Une partie de la population consomme indirectement du maïs Monsanto, sans le savoir, par le biais de l’alimentation animale.
En Europe, cet organisme génétiquement modifié (OGM) est cultivé presque exclusivement en Espagne depuis 2003 et, pour l’instant, il est obligatoire de l’indiquer sur l’étiquette lorsqu’il est destiné à la consommation directe. Cependant, cela est sur le point de changer.
Il y a deux ans, la Commission européenne a proposé de ne plus exiger l’étiquetage de nombreux nouveaux OGM s’ils répondent à certains critères techniques, notamment celui de permettre aux laboratoires d’effectuer jusqu’à 20 mutations dans l’ADN des plantes à l’aide de nouvelles techniques et de les commercialiser comme s’ils étaient naturels, malgré le rejet général des OGM par l’opinion publique.
Si les pays approuvent la nouvelle norme, une grande variété d’aliments modifiés arriveront directement dans l’assiette de tous les Européens sans aucun avertissement sur l’étiquette. Dans cet article, nous analysons la situation et, avec le biologiste Diego Bárcenas, d’Ecologistas en Acción (Écologistes en action), nous expliquons comment ces nouvelles plantes sont créées à l’aide de ce que l’UE appelle désormais les NTG (nouvelles techniques génomiques).

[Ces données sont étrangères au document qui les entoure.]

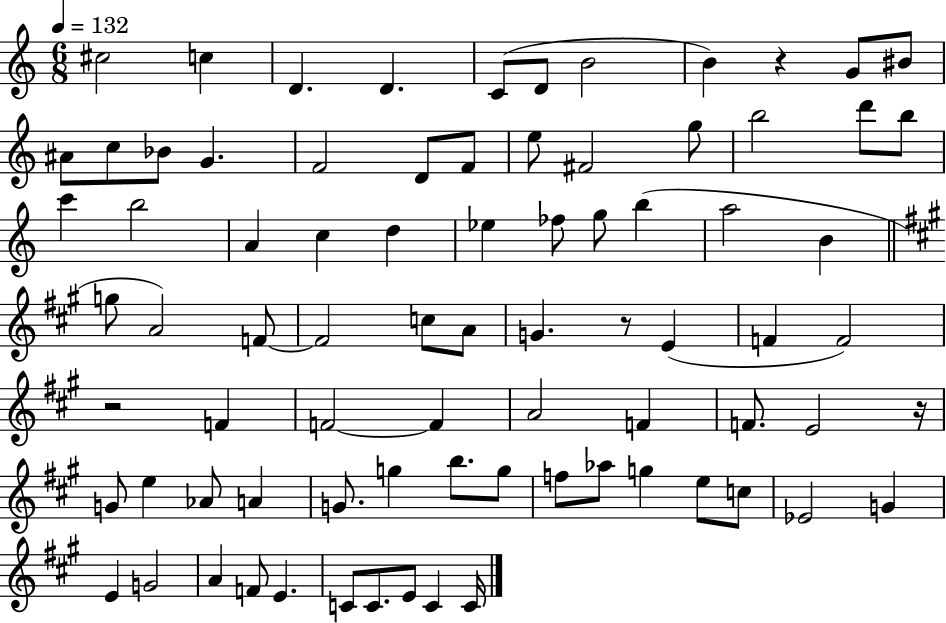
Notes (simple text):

Cultures OGM à grande échelle en Espagne — glyphosates

L’Espagne est, de facto, le seul pays de l’UE à cultiver des OGM à grande échelle (le Portugal le fait depuis quelques années), tandis que la plupart des États ont interdit leur culture sur leur territoire. Cela a commencé en 1998 avec le maïs Bt176 de Syngenta, mais la Commission a retiré sa commercialisation en 2007. En 2003, le MON810 de Monsanto, également de type Bt, est arrivé sur le marché. Il reste le seul OGM autorisé à la culture dans l’UE, avec 107.126 hectares cultivés en 2019, principalement en Aragon et en Catalogne. Son acceptation sociale a été minime en Europe et a suscité la controverse.
L’entreprise a également été remise en question par le fait que ses cultures nécessitent de grandes quantités de glyphosate (autorisé jusqu’en 2033) — un pesticide associé à la semence et considéré comme cancérigène dans des études scientifiques. Malgré ces preuves, l’Agence européenne des produits chimiques (ECHA) a décidé de ne pas en interdire l’utilisation.
Actuellement, dans l’UE, y compris en Espagne, les aliments qui contiennent ou ont été produits à partir d’OGM doivent être indiqués comme tels sur l’étiquette, mais la majeure partie du maïs transgénique est destinée à l’alimentation animale dans les fermes et, à l’heure actuelle, il n’est pas obligatoire d’informer le consommateur lorsque la viande, le lait, les œufs ou le fromage proviennent d’animaux nourris avec des OGM. Avec la nouvelle proposition de la Commission européenne, une grande partie des nouveaux OGM ou NTG — tels que le maïs, la pomme de terre, la tomate ou la betterave — pourraient être vendus sans cette mention sur l’étiquette, empêchant ainsi les consommateurs de les éviter.

« Risques pour l’environnement et la santé humaine »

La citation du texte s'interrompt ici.